SLACKJAW by JIM KNIPFEL
January 19, 2014

Hot in the Airport, Part 2

 

Flying from New York to Green Bay through Chicago is always a tricky bit of business any time of year, but never more so than In December. Snow or sleet anywhere along the route could leave you trapped in an airport for hours. Worse, it could leave you trapped in an airport in Detroit or Columbus for hours, even though you never planned to go to either place. If it got too cold, or too wet, or too windy, you were fucked. I’d somehow slipped between two major storms and around a potential hostage situation to get out to Green Bay, but now that I was there, the question of getting back to New York again remained.

        By all accounts the weather seemed okay until roughly twelve hours before my flight was scheduled to leave. That’s when the light snow showers forecast for Chicago became heavy snows, and the partly cloudy conditions promised for LaGuardia had been replaced with what they were calling “ice pellets.” That didn’t sound good at all. Still hoping for the best, my mom drove me to the airport and walked me up to the gate with half an hour to spare before boarding. The half hour soon became forty-five minutes, then an hour, then an hour and fifteen minutes as we waited for the plane to arrive. It was a small commuter jet that seated about 35 passengers total and spent all day making the half-hour flight back and forth between Chicago and Green Bay. Thanks to the weather it was having some trouble getting out of Chicago, which meant it’d likely have trouble getting back there, too.

        I stayed unusually calm about all this. If I was stuck in Green Bay another day or two, well, so be it. I’d been having a fine time with my family.

        “Attention passengers waiting for flight 5429 to Chicago . . . ” the woman behind the small check in desk announced, and everyone waiting offered a pre-emptive groan, just to get it out of the way.

        Instead of telling us it’d been cancelled, she merely let us know the plane would be a little late, so anyone with connections to make in Chicago might want to line up and she’d change their arrangements for them.

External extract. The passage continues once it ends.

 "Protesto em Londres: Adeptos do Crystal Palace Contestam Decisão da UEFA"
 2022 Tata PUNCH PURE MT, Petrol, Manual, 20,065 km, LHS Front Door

        I’d never seen such a collection of lined-up assholes in Green Bay before. Then as I listened I learned they were all from out of town, which explains it. Some of the assholes were from Dallas, others San Francisco, one particularly abrasive woman was from New Orleans, and each of them in turn harangued this poor agent in his or her own particular unoriginal way. I’ve seen it happen a thousand times before, and one thing I’ve learned from it is you never harangue someone behind a counter because they can make your life a living hell should they choose to. So when it was my turn I stepped up to the counter and before I even had a chance to say something pleasant the agent said, “You’re going to LaGuardia. we were just talking about you.”

        I never know how to take things like that, so I stammered a bit and told her yes, she was right.

        Moments later she had me on a flight leaving Chicago an hour later than originally planned, which was fine by me. Best of all, it meant I’d be getting back to NYC at the tail end of rush hour. I thanked her cordially and my mom and I returned to our seats to wait for the plane.

        It showed up fifteen minutes later while the agent was still wrangling with an increasingly loud fellow who, I was happy to hear, was going to be stuck in O’Hare a very long time. the agent seemed almost relieved to step away from the desk to walk me to the plane.

        “You’re having quite a day it sounds like,” I said.

        “You have no idea,” she replied, then added, “So . . . when are you coming back to town?”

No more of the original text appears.